Chercheur en histoire et spécialiste des questions de sécurité, il commente cet accord de cessez-le-feu aussi soudain qu’inattendu.[pagebreak]Que vous inspire l’annonce d’un cessez-le-feu entre le gouvernement nigérian et la secte islamiste Boko Haram ?
J’ai été, comme beaucoup, surpris par cette annonce faite par le Air marshal Alex Badeh à l’issue de la rencontre entre les responsables militaires camerounais et nigérians à Abuja la semaine dernière.  visiblement, le Cameroun, qui a déclaré la guerre aux côtés du Nigeria et du Tchad, n’a pas participé à la paix. Cependant, suivant de près l’actualité du Nigéria depuis un certain temps, je n’y crois pas trop. Le contexte de l’annonce de ce cessez-le-feu est en soi problématique. En effet, le président Jonathan doit annoncer dans les prochaines semaines sa candidature à la réélection et des bonnes nouvelles comme  celle de la libération des filles de Chibok et celle de l’amélioration de la situation sécuritaire sont de nature à booster sa popularité.
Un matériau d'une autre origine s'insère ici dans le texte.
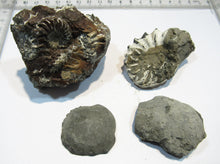 Laden Sie das Bild in den Galerie-Viewer, Ammonit Los 4 Stk. Pyrit Pleuroceren mit Kreide 4-6,5cm Buttenheim, Deutschland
De plus, l’année dernière, un ministre nigérian avait déjà annoncé la conclusion d’un cessez-le-feu avec Boko Haram, avant que Shekau ne poste une vidéo sur You Tube dans laquelle il démentait cette information, affirmant au passage qu’il ne négocierait jamais avec des infidèles.

On n’a justement pas encore reçu de confirmation de Boko Haram et l’on sait que ce groupe a toujours été hostile à des négociations avec le Nigéria…
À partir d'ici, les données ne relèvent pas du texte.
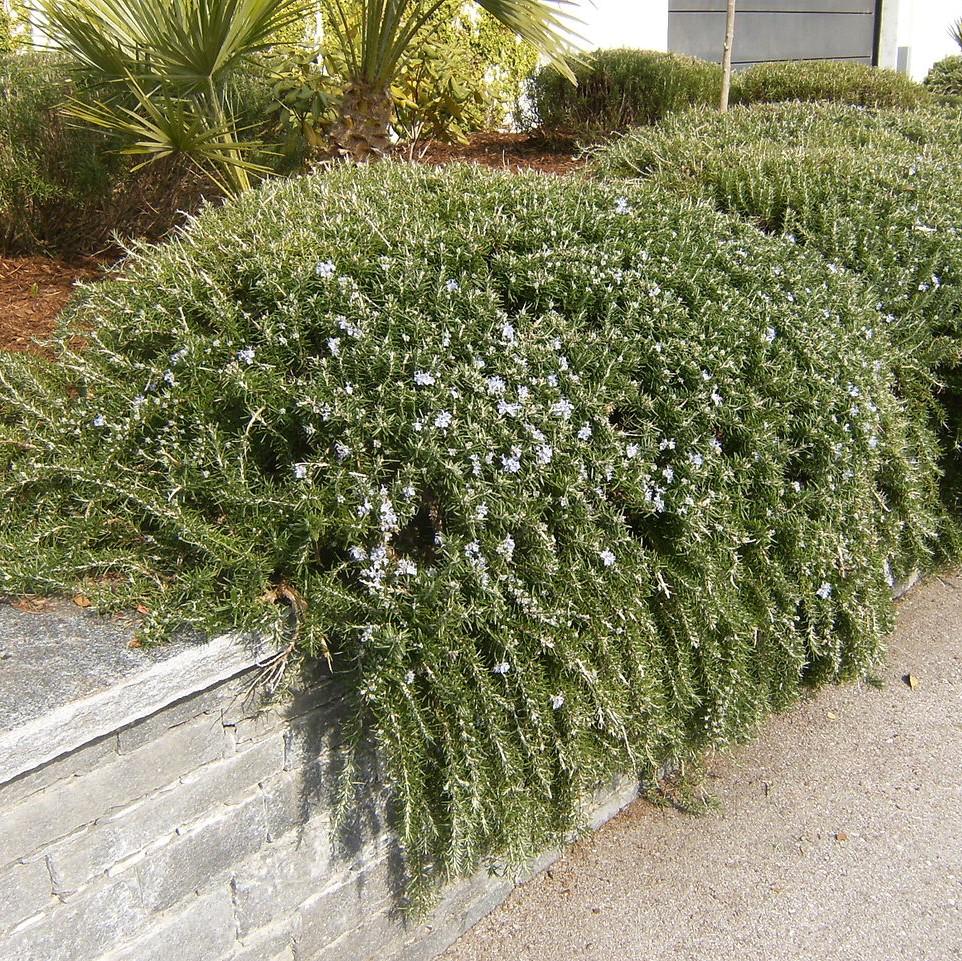 Rosmarinus officinalis 'Huntington Carpet' ~ Huntington Carpet Rosemary-ServeScape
Shehu Sani, un expert nigérian de Boko Haram et qui négociait avec la secte terroriste pour le compte du gouvernement nigérian dit n’avoir jamais entendu parler de Danladi Ahmadou que les autorités d’Abuja présente comme le représentant de Boko Haram lors des négociations à N’Djamena.  Ce dernier se présente lui-même comme le Chief security officer en charge des relations publiques de Boko Haram. Dans une interview qu’il a donné au service Haussa de la Voice of America (VOA) vendredi dernier, il reconnait n’avoir pas rencontré Shakau.  La sortie médiatique du ministre tchadien des Affaires étrangères est venue semer un peu plus de doute. Alors que le Nigéria présente Danladi Ahmadou comme négociateur-en-chef de Boko Haram, le Tchad dit que le mouvement terroriste était représenté par Cheikh Goni Hassan et Cheikh Boukar Umaru. De même, l’organisation de Boko Haram est de nature à nous faire douter de l’effectivité du cessez-le-feu. Sa structure organisationnelle comprend un organe central et des démembrements locaux. Ces derniers appartiennent bien à Boko Haram mais disposent d’une certaine autonomie et d’une liberté d’initiative. Les chefs des différentes factions sont nommés par Aboubakar Shekau qui, leur attribue dans le même temps, une zone de responsabilité. Ils  ne subissent cependant pas un contrôle strict de leur hiérarchie. Les derniers évènements nous font croire que nous avons en face des bandes incontrôlées qui luttent pour leurs propres intérêts, sans ligne directrice claire. Il est donc plus que probable que les mots d’ordres de la hiérarchie ne soient pas respectés par certaines factions. Même le département d’état américain, par la voix de son porte-parole, Marie Harf, dit n’être pas en mesure de confirmer la réalité de l’accord de cessez-le-feu. L’on présente la libération des otages camerounais et chinois de la semaine dernière comme un geste de bonne foi de Boko Haram, chose dont je doute sérieusement. Selon toute vraisemblance, le Cameroun a mené seul les négociations qui ont conduit à la libération des otages.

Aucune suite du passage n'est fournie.